Masalahnya, setidaknya menurut pemerintah Amerika Serikat, yang paling getol melucuti Irak, mencari senjata di negeri Saddam Hussein itu ibarat mencari jarum di tumpukan jerami. Negeri ini sama luasnya dengan California atau Prancis. Kesulitan bertumpuk karena istana Presiden Saddam?yang dicurigai sebagai tempat penyimpanan senjata?telah bertambah banyak sejak tim PBB terakhir mengunjunginya empat tahun silam.
Tim dari PBB memperkirakan setidaknya ada 1.100 bangunan di seluruh kompleks istana kepresidenan?beberapa di antaranya sebesar stadion sepak bola Senayan?dengan luas total 50 kilometer persegi. Mereka juga mencurigai, jauh di bawah bangunan itulah gudang-gudang senjata Irak disembunyikan.

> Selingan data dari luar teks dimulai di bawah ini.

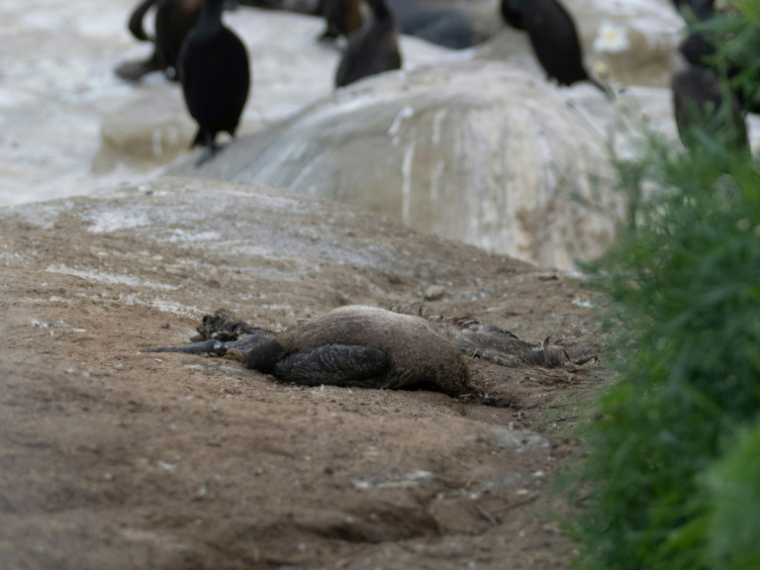 Un cormoran mort, repéré par des scientifiques de la Scripps Institution of Oceanography, à la Jolla, près de San Diego, en Californie, le 21 février 2026 ( Scripps Institution of Oceanography at UC San Diego / Alexander Rubenstein )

Tak pelak, mereka akan sangat mengandalkan bantuan sejumlah peralatan berteknologi canggih yang mampu melacak sampai ke sudut-sudut paling terpencil sekalipun. Lagi-lagi Amerikalah yang menjadi pemasok utama informasi bagi tim tersebut. Mereka tak hanya memberikan data satelit tentang isi perut Irak, tapi juga beberapa peralatan mutakhir.
Salah satu yang paling penting adalah pesawat mata-mata tak berawak: RQ-1 Predator. Dikembangkan pada 1990-an, Predator dijuluki sebagai pesawat dengan "mesin perang risiko-rendah". Pesawat itu sepenuhnya dikendalikan komputer.
Pesawat berharga jutaan dolar itu merupakan salah satu alat pengintai paling canggih saat ini. Dioperasikan oleh 55 kru, Predator didukung oleh stasiun kontrol darat dan satelit pengintai.
Predator sangat luwes: bisa berfungsi sebagai pesawat pengintai, bisa pula berubah menjadi pengebom. Lebar sayapnya 14,6 meter. Beratnya mencapai 430 kilogram pada kondisi kosong dan 1.020 kilogram bila dilengkapi peralatan lengkap, termasuk bom. Setiap Predator dilengkapi kamera di ujung hidung (biasanya dipakai oleh operator di darat untuk mengontrol arah), kamera televisi untuk siang hari, kamera sinar-X untuk kondisi minim cahaya/malam hari, dan radar pemindai asap dan awan.
Predator sanggup terbang selama 24 jam terus-menerus, dengan kecepatan maksimum 225 kilometer/jam, pada ketinggian jelajah 7.500 meter di atas tanah. Bantuannya sangat dibutuhkan oleh tim PBB itu untuk mengetahui lokasi tempat-tempat yang dicurigai.
Selain diberi Predator, tim inspeksi PBB dibekali instrumen yang disebut Hanna. Ini suatu perangkat genggam berbentuk kotak persegi berwarna hitam. Pencipta Hanna, Page Stoutland, deputi kepala kontraterorisme di Lawrence Livermore National Laboratory, California, mengatakan, instrumen ini dirancang sebagai pengolah sampel panduan, bukan sebagai detektor pengendus bakteri berbahaya seperti antraks.
Cara kerja Hanna begini. Ia mengambil sampel dari udara atau kertas dari satu tempat tertentu. Sampel dicampur dengan satu bahan khusus, lalu dimasukkan ke tabung. Baru setelah itu tabung diletakkan ke atas Hanna. Dalam tempo 10 sampai 20 menit, Hanna akan mengeluarkan hasil apakah sampel tersebut mengandung kuman antraks atau sesuatu yang mencurigakan.
Ada lagi instrumen yang diberi nama ALEX. Ini perkakas yang memanfaatkan sinar-X untuk melacak pelbagai material, termasuk metal alloy, yang dapat dipakai sebagai bahan pembuat senjata nuklir.
Dengan peralatan serba canggih itulah tim PBB tersebut bekerja. Mereka tak hanya akan memastikan apakah Saddam Hussein benar-benar menyimpan senjata pemusnah massal, tapi mungkin juga bisa berperan mencegah perang lain yang kini sedang dipersiapkan Amerika.